The problem: Would you return, word for word, the lines running from the one with "CAJA EDICIÒN ESPECIAL DIA MADRES AMAZONICA" to the final line of the listing below, pictures omitted?

Dataset records:

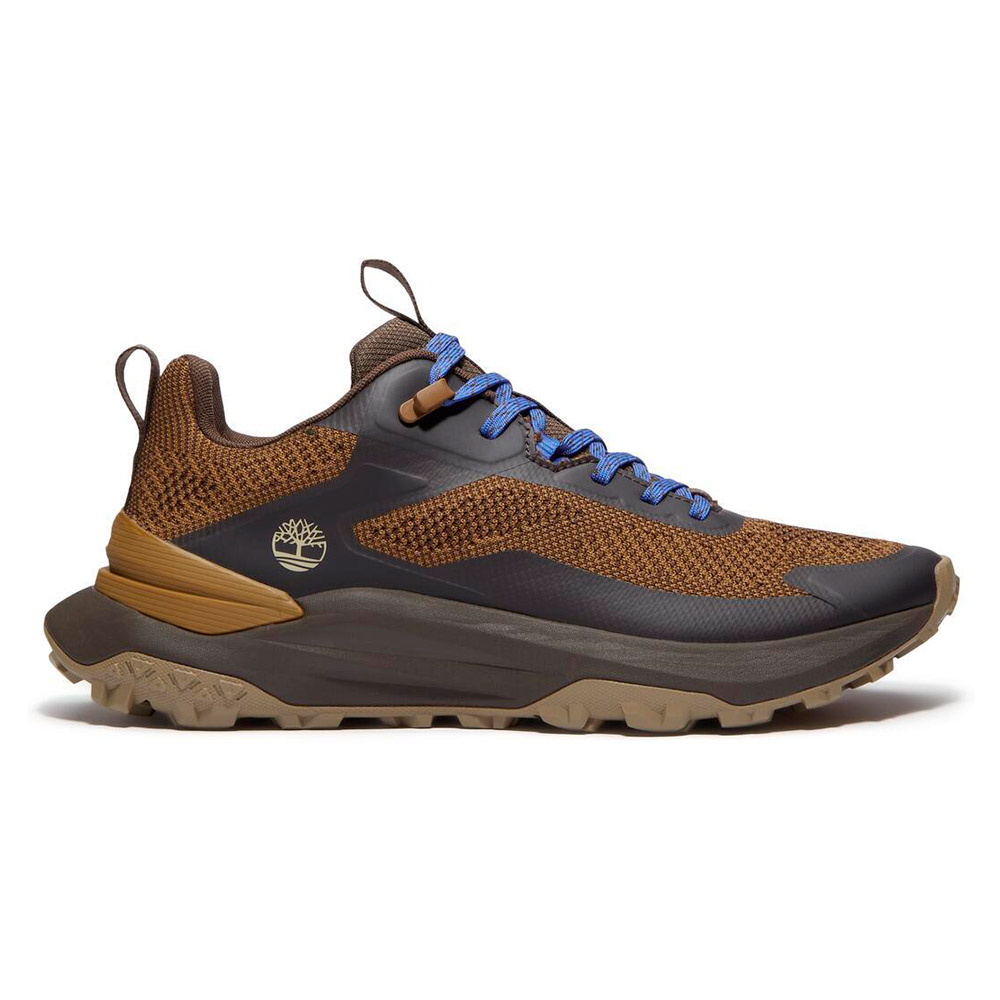 Timberland Motion Access Low Trail Running Shoes Braun EU 41 1/2 Mann von Timberland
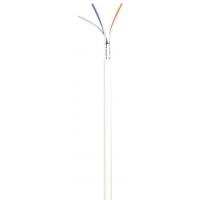 Кабель мережевий OK-Net FTP 305м cat.5 2 пари (F/UTP-cat.5) (КПВЭ-ВП (100) 2*2*0,51)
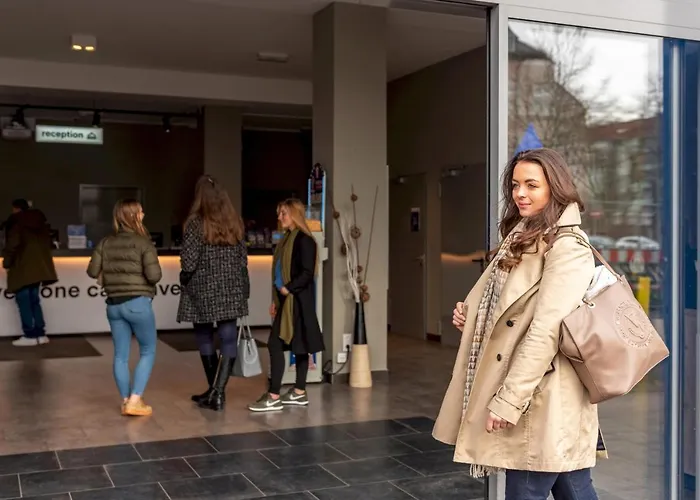 a&o München Laim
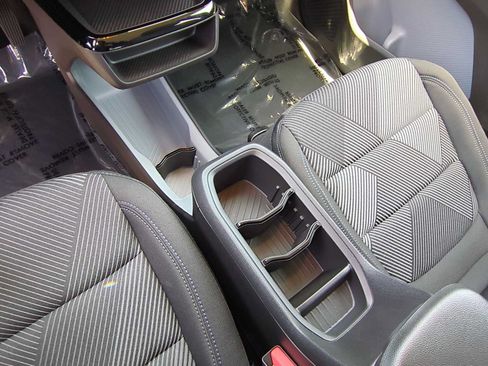 New 2027 Chevrolet Bolt LT FWD image 18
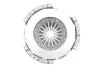 Комплект зчеплення Skoda Fabia/Roomster/VW Polo 1.2i 06-15 (d=200mm) (+вижимний) LuK 620 3324 21 (фото 3)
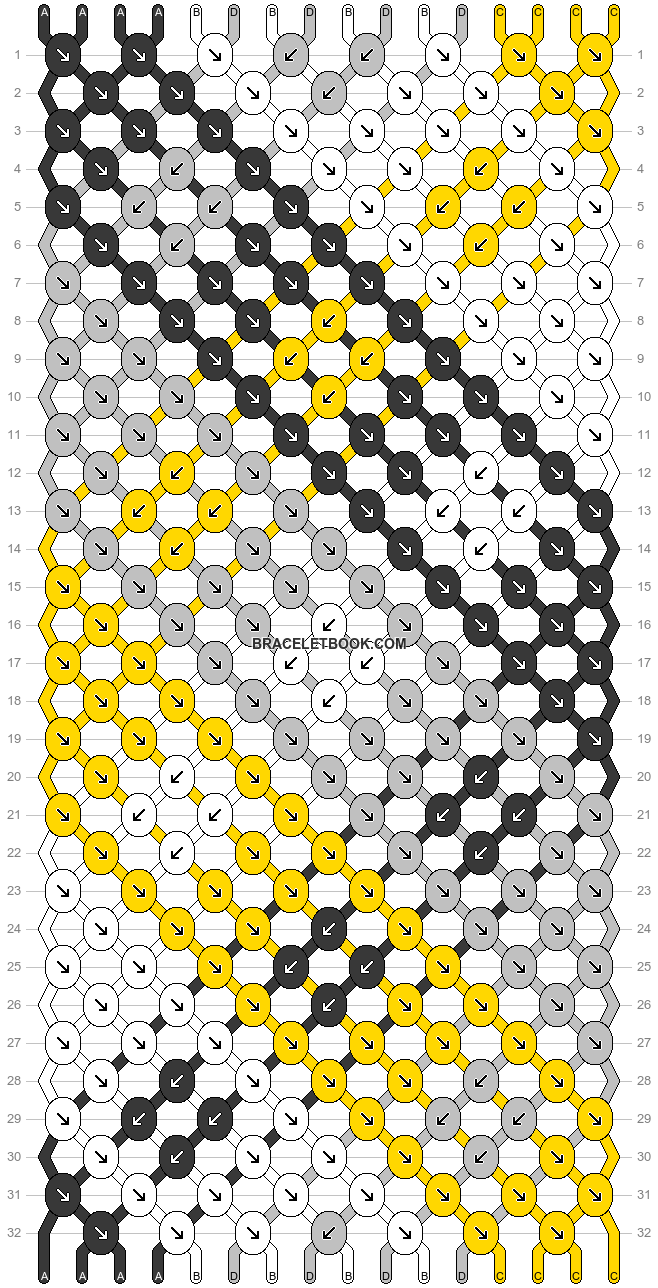 Normal pattern #30662 variation #377599 pattern
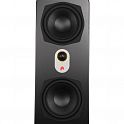 Напольная акустика Aperion Audio Novus N6T Stealth Black (пара)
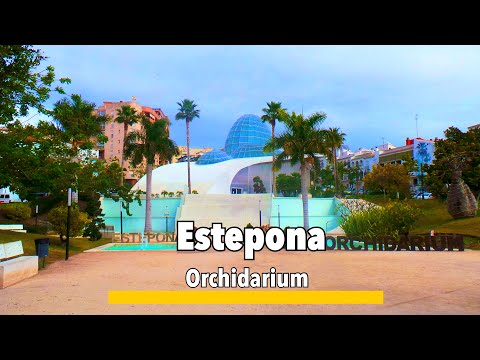 Orchidarium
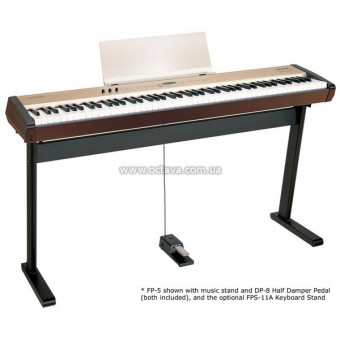 Цифрове піаніно Roland FP5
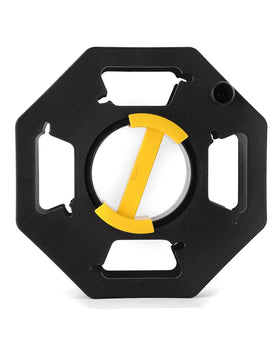 HolaKit tangle-free design keeps cords neat and ready after use on caravans.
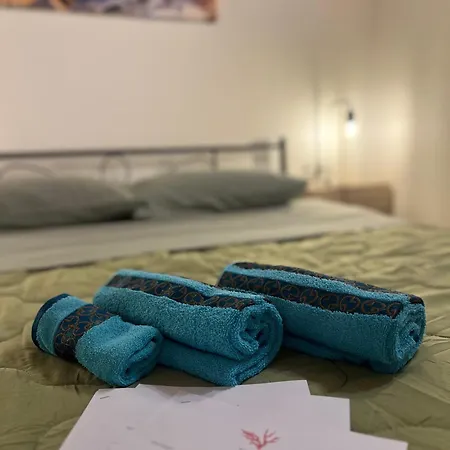 Minorca Appartamento Alghero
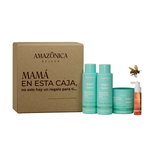 CAJA EDICIÒN ESPECIAL DIA MADRES AMAZONICA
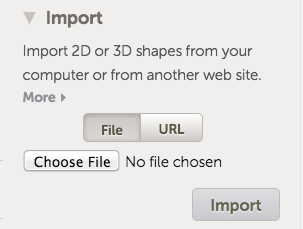 Adding Image to Base
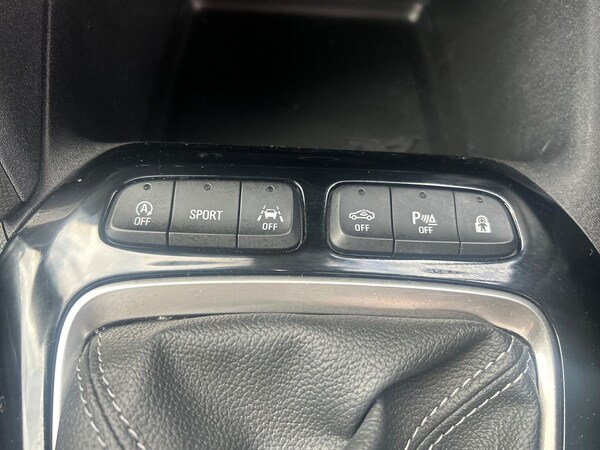 Used Vauxhall Corsa 2022 for sale - 76101359: Photo 32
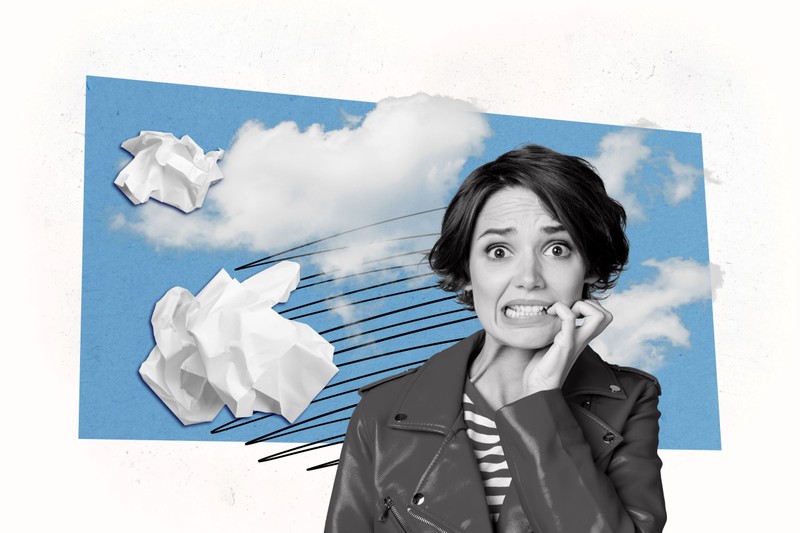 Orvosmeteorológia: érkezik a hidegörvény vasárnap! Kifejezetten erős panaszokra számíthatunk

Expected answer:
 CAJA EDICIÒN ESPECIAL DIA MADRES AMAZONICA
 Adding Image to Base
 Used Vauxhall Corsa 2022 for sale - 76101359: Photo 32
 Orvosmeteorológia: érkezik a hidegörvény vasárnap! Kifejezetten erős panaszokra számíthatunk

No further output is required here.